Des violences qui se font à la conscience, la plus à euiter à mon aduis, c’est celle qui se faict à la chasteté des femmes; d’autant qu’il y a quelque plaisir corporel, naturellement meslé parmy: et à cette cause, le dissentement n’y peut estre assez entier; et semble que la force soit meslée à quelque volonté, I, 640.
CHATIMENTS.
Les chastiemens, qui se font auec poix et discretion, se reçoiuent bien mieux, et auec plus de fruit, de celuy qui les souffre, II, 608.
CHOSES.
Nous sçauons les choses en songe, et les ignorons en verité, II, 226.

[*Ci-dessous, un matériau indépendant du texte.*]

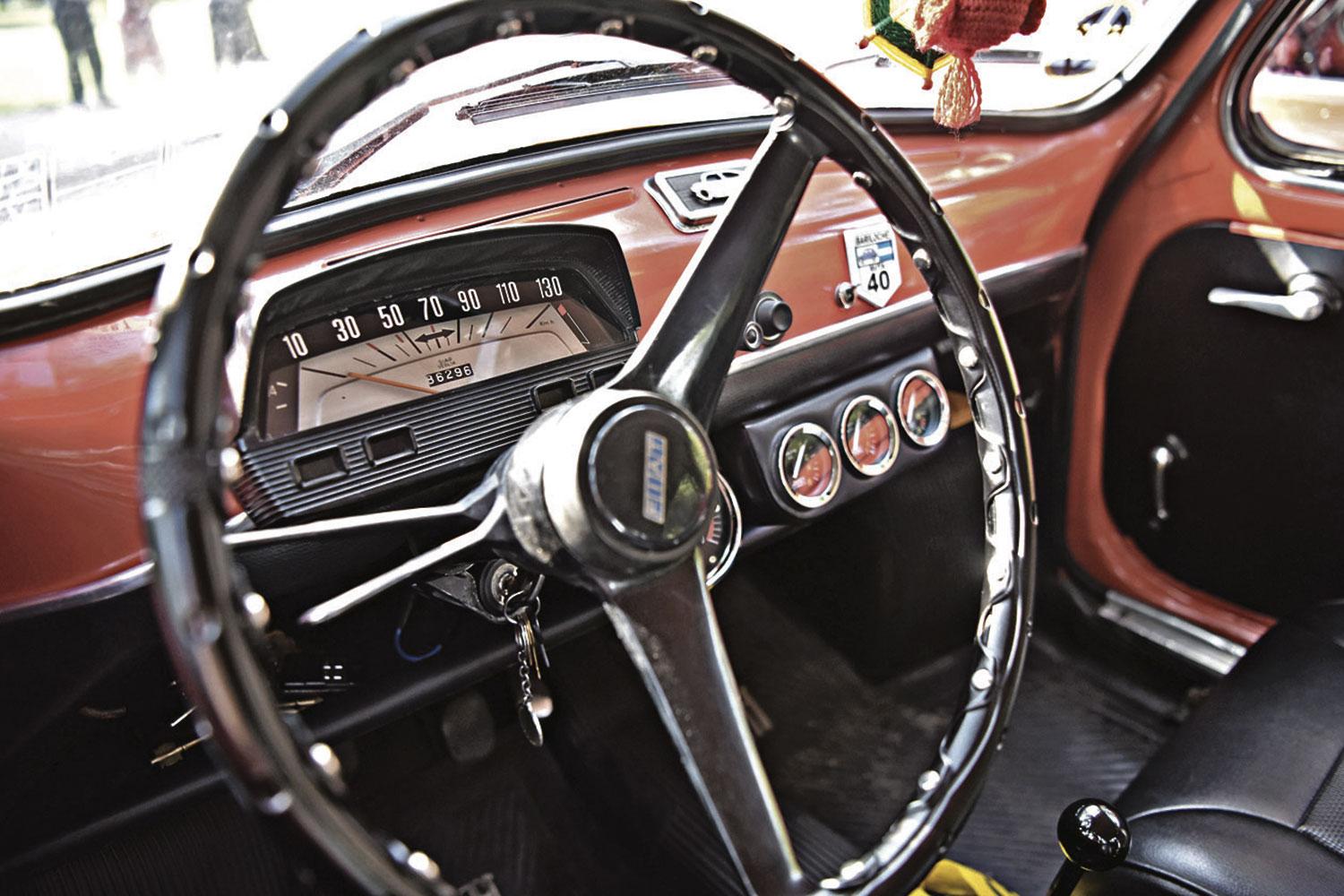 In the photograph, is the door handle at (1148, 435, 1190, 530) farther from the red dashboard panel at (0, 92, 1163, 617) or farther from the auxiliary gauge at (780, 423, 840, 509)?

Combien y a il de choses peu vray-semblables, tesmoignees par gens dignes de foy, desquelles si nous ne pouuons estre persuadez, au moins les faut-il laisser en suspens, I, 292.
Assez de choses peuuent estre et auoir esté, desquelles nostre discours ne sçauroit fonder la nature et les causes, II, 130.
La foiblesse de nostre condition, fait que les choses en leur simplicité et pureté naturelle ne puissent pas tomber en nostre vsage. Les elemens que nous iouyssons, sont alterez: et les metaux de mesme, et l’or, il le faut empirer par quelque autre matiere, pour l’accommoder à nostre seruice, II, 536.
Les gloses augmentent les doubtes et l’ignorance: il ne se voit aucun liure, soit humain soit diuin, sur qui le monde s’embesongne, duquel l’interpretation face tarir la difficulté: il se sent par experience, que tant d’interpretations dissipent la verité et la rompent, III, 604.